Aiura

Scientific classification
- Domain: Eukaryota
- Kingdom: Animalia
- Phylum: Arthropoda
- Class: Insecta
- Order: Hymenoptera
- Family: Ichneumonidae
- Subfamily: Campopleginae
- Genus: Aiura Onody & Penteado-Dias, 2006

= Aiura (wasp) =

Genus of insects

Aiura is a genus of parasitoid wasps belonging to the family Ichneumonidae and the subfamily Campopleginae.

The genus is only known from Brazil.

==Species==
Two species are currently recognized:
- Aiura miri Onody & Penteado-Dias, 2006
- Aiura turu Onody & Penteado-Dias, 2006

==Description==
Eyes moderately indented at the level of the antennal sockets. Cheeks and mandibles of moderate length. Clypeus weakly convex to flat. Propodeum long in profile and produced into a "neck" posteriorly.
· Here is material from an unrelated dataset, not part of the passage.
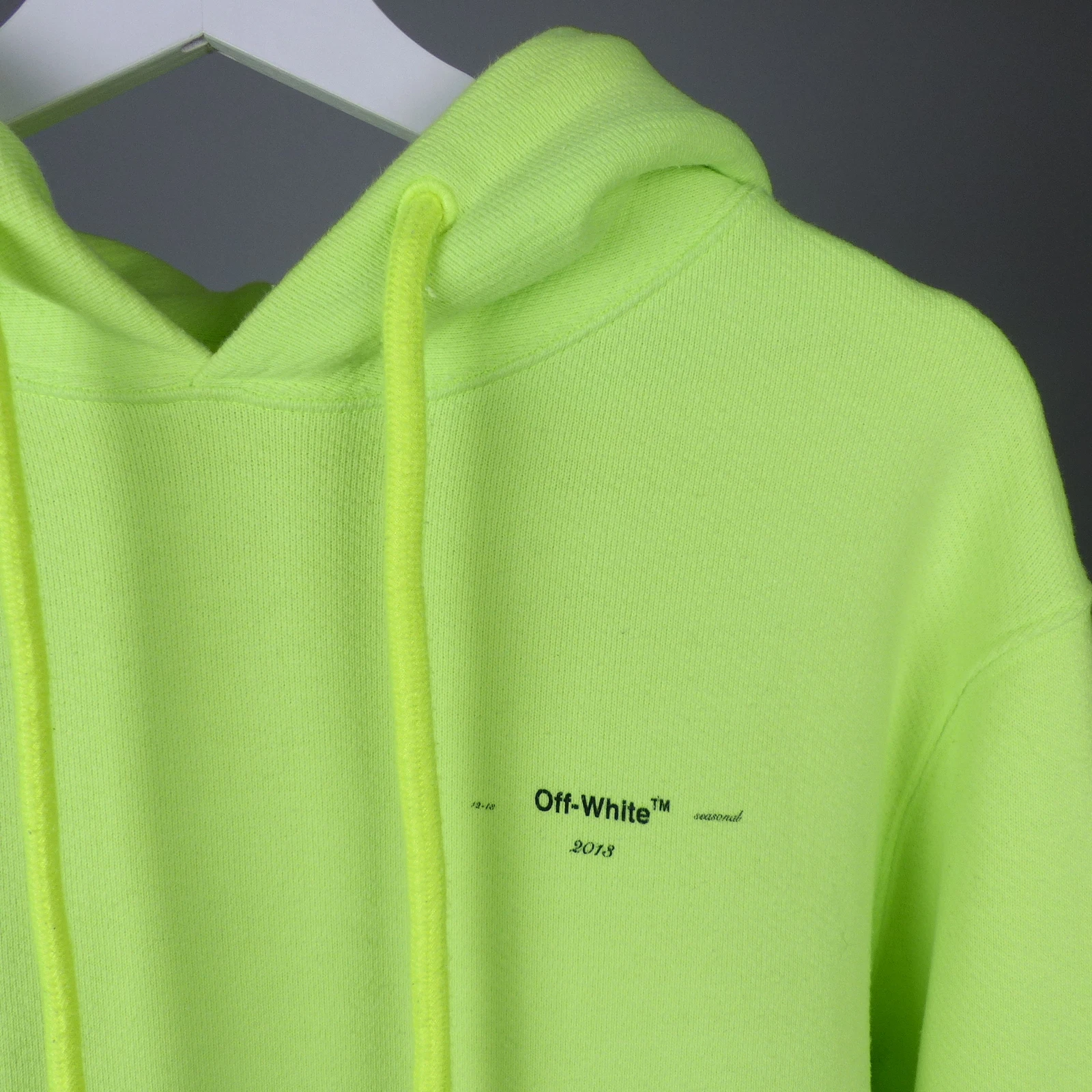 OFF WHITE Felpa con cappuccio bianca sporgente pullover giallo neon taglia S 36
Propodeal spiracle circular-subcircular. Fore wing 3.5–5.0 mm, areolet present and petiolate above. Nervellus of hind wing not intercepted. Metasoma very long and slender, first segment with petioloar suture complete, glymma present. Thyridia subcircular and very distant from base of the second tergite. Third tergite and onwards incised mid-dorsally. Ovipositor stout and turned upwards.

==Etymology==
The genus name is derived from the Tupi language (Aiúra = "neck"), referring to the neck like structure at the posterior edge of the propodeum.